Obama on Death of George H.W. Bush: 'America Has Lost a Patriot and Humble Servant'
Obama visited Bush in Texas just days before his death and "rekindled what was already a very warm friendship."
George H.W. Bush, the 41st president of the United States and World War II veteran, died on Friday night at age 94 in his home in Houston, Texas. It was first announced in a brief statement issued by longtime spokesman Jim McGrath.
McGrath tweeted, earlier this week, that former President Barack Obama visited Bush on Tuesday in Houston:
President @GeorgeHWBush was very pleased to receive President @BarackObama this afternoon during his visit to #Houston. The two had a very pleasant and private visit at the Bush residence, where they rekindled what was already a very warm friendship.
— Jim McGrath (@jgm41) November 28, 2018
In 2011, Obama presented Bush with the Presidential Medal of Freedom.
Bush did not endorse fellow Republican Donald Trump in the 2016 presidential election. During Trump's campaign, he attacked both Jeb and George W. Bush.
Although Bush did not publicly say whom he voted for in the election, he chose Democratic candidate Hillary Clinton, a source told CNN.
At 12:36 a.m. EST Saturday, Obama posted a tribute to Bush on Twitter calling him a "patriot and humble servant." He said, Bush has a "legacy of service that may never be matched, even though he'd want all of us to try."
Read Obama's full statement:
America has lost a patriot and humble servant in George Herbert Walker Bush. While our hearts are heavy today, they are also filled with gratitude. Not merely for the years he spent as our forty-first President, but for the more than 70 years he spent in devoted service to the country he loved – from a decorated Naval aviator who nearly gave his life in World War II, to Commander-in-Chief of our Armed Forces, with plenty of posts along the way. Ambassador to the United Nations. Director of Central Intelligence. U.S. Envoy to China. Vice President of the United States.
George H.W. Bush's life is a testament to the notion that public service is a noble, joyous calling. And he did tremendous good along the journey. Expanding America's promise to new immigrants and people with disabilities. Reducing the scourge of nuclear weapons and building a broad international coalition to expel a dictator from Kuwait. And when democratic revolutions bloomed across Eastern Europe, it was his steady, diplomatic hand that made possible an achievement once thought anything but – ending the Cold War without firing a shot.

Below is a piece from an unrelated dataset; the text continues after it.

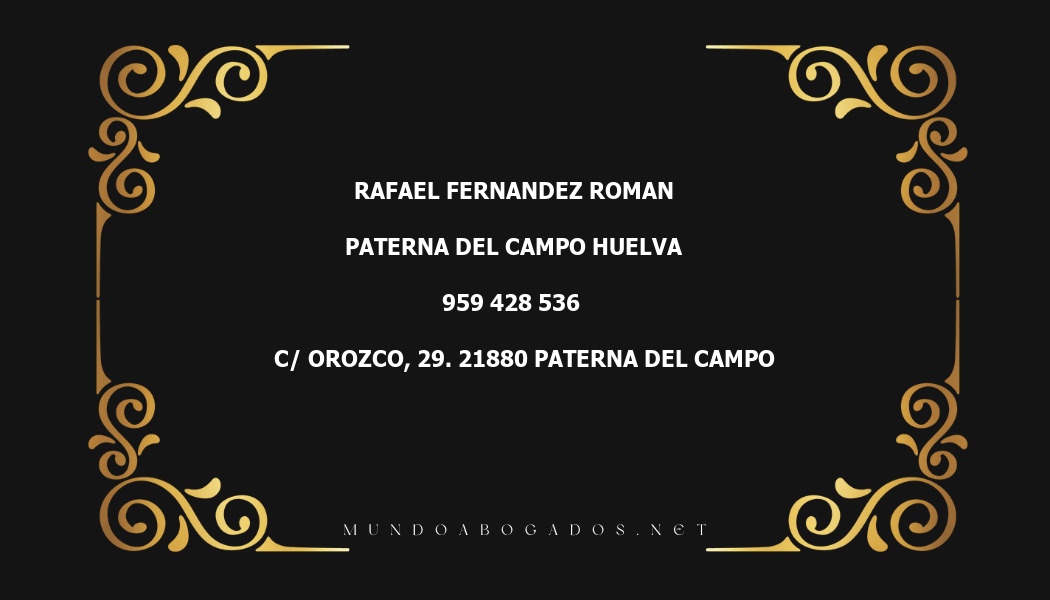 abogado Rafael Fernandez Roman en la localidad de Paterna del Campo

It's a legacy of service that may never be matched, even though he'd want all of us to try.
After seventy-three years of marriage, George and Barbara Bush are together again now, two points of light that never dimmed, two points of light that ignited countless others with their example – the example of a man who, even after commanding the world's mightiest military, once said "I got more of a kick out of being one of the founders of the YMCA in Midland, Texas back in 1952 than almost anything I've done."
What a testament to the qualities that make this country great. Service to others. Commitment to leaving behind something better. Sacrifice in the name of lifting this country closer to its founding ideals. Our thoughts are with the entire Bush family tonight – and all who were inspired by George and Barbara's example.